*Data records*:
——————————
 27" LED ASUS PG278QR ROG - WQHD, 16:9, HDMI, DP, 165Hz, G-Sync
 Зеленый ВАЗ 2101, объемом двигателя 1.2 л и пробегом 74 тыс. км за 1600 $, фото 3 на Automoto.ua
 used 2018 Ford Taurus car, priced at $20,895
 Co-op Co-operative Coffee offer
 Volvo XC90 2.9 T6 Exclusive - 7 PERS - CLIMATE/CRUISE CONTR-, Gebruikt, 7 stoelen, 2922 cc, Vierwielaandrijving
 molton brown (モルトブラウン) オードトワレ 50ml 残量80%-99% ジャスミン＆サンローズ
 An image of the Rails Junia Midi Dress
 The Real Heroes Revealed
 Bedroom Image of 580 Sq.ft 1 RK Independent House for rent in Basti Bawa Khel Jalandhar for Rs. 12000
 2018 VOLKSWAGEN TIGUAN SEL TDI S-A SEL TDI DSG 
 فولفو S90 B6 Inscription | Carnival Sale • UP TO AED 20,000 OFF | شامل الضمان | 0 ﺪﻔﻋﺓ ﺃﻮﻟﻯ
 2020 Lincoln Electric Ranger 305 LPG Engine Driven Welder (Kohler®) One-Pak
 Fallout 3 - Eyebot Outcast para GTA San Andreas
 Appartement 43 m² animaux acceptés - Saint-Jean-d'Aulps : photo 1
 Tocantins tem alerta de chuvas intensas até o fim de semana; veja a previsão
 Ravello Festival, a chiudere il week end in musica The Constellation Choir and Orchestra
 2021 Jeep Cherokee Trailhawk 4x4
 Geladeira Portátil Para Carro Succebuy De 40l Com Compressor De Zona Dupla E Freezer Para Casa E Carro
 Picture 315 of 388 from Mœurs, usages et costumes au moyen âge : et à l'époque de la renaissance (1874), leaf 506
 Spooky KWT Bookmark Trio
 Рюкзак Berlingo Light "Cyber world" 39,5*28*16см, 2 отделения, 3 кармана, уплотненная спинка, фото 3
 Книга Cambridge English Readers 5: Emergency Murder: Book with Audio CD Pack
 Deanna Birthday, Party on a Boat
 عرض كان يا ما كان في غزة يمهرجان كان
——————————
*PROBLEM STATEMENT*: In the lines above, find the word "фото" and copy each line that contains it.

*OUTPUT BELOW*:
 Зеленый ВАЗ 2101, объемом двигателя 1.2 л и пробегом 74 тыс. км за 1600 $, фото 3 на Automoto.ua
 Рюкзак Berlingo Light "Cyber world" 39,5*28*16см, 2 отделения, 3 кармана, уплотненная спинка, фото 3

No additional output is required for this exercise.